* Problem details
Return, with both end lines included, exactly what the data below holds from the line with "Tres Niños Taqueria" through the line with "11117 Model Circle Boca Raton FL 33428", though not the pictures.

* Entries provided
..........

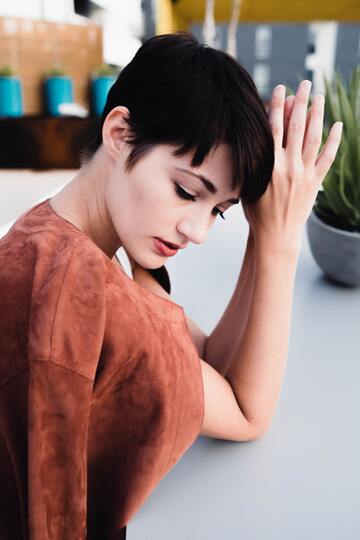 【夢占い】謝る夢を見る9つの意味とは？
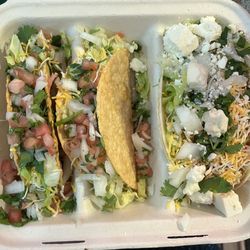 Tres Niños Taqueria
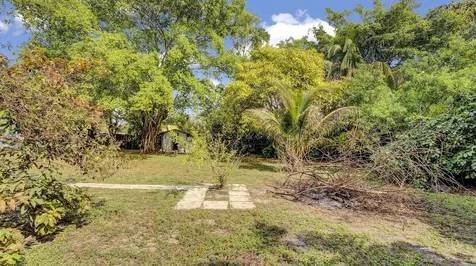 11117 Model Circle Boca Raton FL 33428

..........

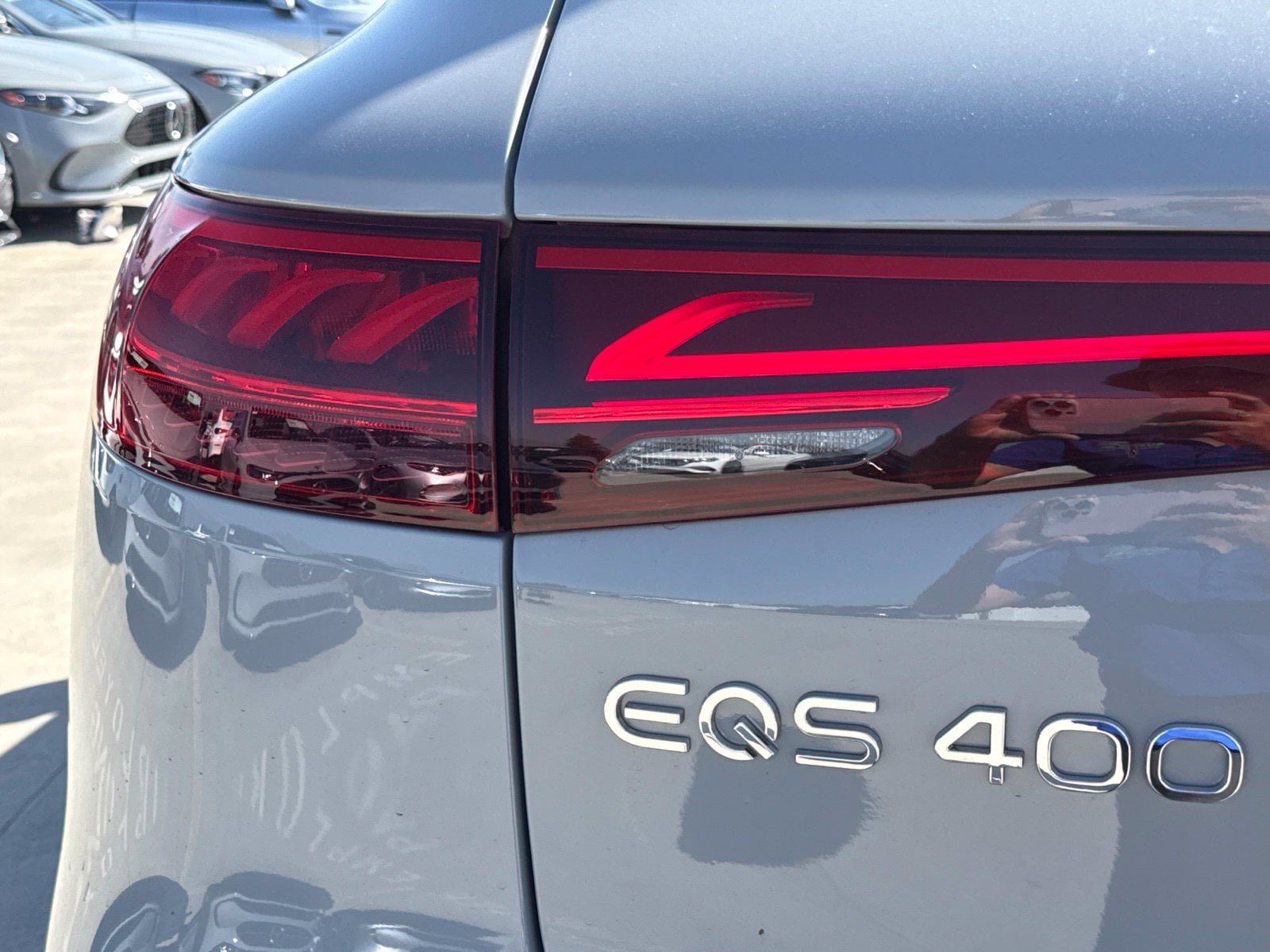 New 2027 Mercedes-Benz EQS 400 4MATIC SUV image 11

..........

* Solution for this exercise
 Tres Niños Taqueria
 11117 Model Circle Boca Raton FL 33428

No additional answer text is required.